Our boyfriends can be so cute… But so dumb. Sometimes they do things and you think…WHAT THE HELL… But they think, I am so smooth! So before you attack him for being so dumb (for real), retract your claws and see what he is trying to do instead!
What he does:
Steals your pillow… right from under your head. (Thanks, no, the view of the ceiling is nice!)
What he’s doing:
Propping himself up better so you can cuddle with him in the perfect spot. (You’re a better pillow anyway.)
What he does:
Buys you a poster… the size of a regular piece of paper. (Wow!

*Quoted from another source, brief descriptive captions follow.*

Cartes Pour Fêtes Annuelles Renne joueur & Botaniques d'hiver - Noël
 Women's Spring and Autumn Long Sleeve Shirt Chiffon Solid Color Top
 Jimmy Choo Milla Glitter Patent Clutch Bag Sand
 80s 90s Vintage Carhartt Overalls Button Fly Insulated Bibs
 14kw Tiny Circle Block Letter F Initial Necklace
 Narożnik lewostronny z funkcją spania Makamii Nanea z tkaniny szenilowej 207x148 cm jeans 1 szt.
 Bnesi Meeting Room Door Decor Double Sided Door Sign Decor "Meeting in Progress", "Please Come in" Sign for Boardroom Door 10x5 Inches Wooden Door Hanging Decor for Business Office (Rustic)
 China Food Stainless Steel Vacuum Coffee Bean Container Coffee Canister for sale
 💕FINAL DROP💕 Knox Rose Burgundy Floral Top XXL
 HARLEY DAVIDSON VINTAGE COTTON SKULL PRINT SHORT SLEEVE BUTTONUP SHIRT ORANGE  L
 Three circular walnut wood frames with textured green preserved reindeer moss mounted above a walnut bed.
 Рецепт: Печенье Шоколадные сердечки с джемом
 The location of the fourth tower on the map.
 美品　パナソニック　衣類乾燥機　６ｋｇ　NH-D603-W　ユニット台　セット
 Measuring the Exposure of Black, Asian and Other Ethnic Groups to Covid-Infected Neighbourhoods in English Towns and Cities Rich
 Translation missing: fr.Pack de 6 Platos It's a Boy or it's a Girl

How… Thoughtful.)
What he’s doing:
Buying you a poster of a movie that reminds him of you two. (I guess we do kind of resemble Brangelina…)
What he does:
Gives you ridiculous pet nicknames. (PLUMP PUMPKIN???)
What he’s doing:
He’s saying you have all the curves in all the right places. (I mean… all the better to twerk with!)
What he does:
Makes you watch that horrible gory film you’ve been dreading. (Can’t we watch the Notebook?)
What he’s doing:
Making you watch a movie that he knows you won’t want to watch. (DOT DOT DOT)
What he does:
Won’t talk to you because he is studying. (Not even a little study break?)
What he’s doing:
Making sure he gets all his work done so he can spend his whole weekend with you. (Well that was smart.)
What he does:
Says you look better in flats. (No freaking way, these heels equal a killer butt.)
What he’s doing:
Keeping you on the dance floor all night long. (Wait, why aren’t my feet sore?)
What he does:
Won’t give you his jacket… (But it’s cold outside!)
What he’s doing:
Making you cold so he can put his arm around you to warm you up. (It’s like my own personal heater.)
What he does:
Eats the entire appetizer. (Its fine, I guess you think I’m fat.)
What he’s doing:
Allowing you to eat the entire dessert. (OH MY GOD I’VE FOUND TRUE LOVE!)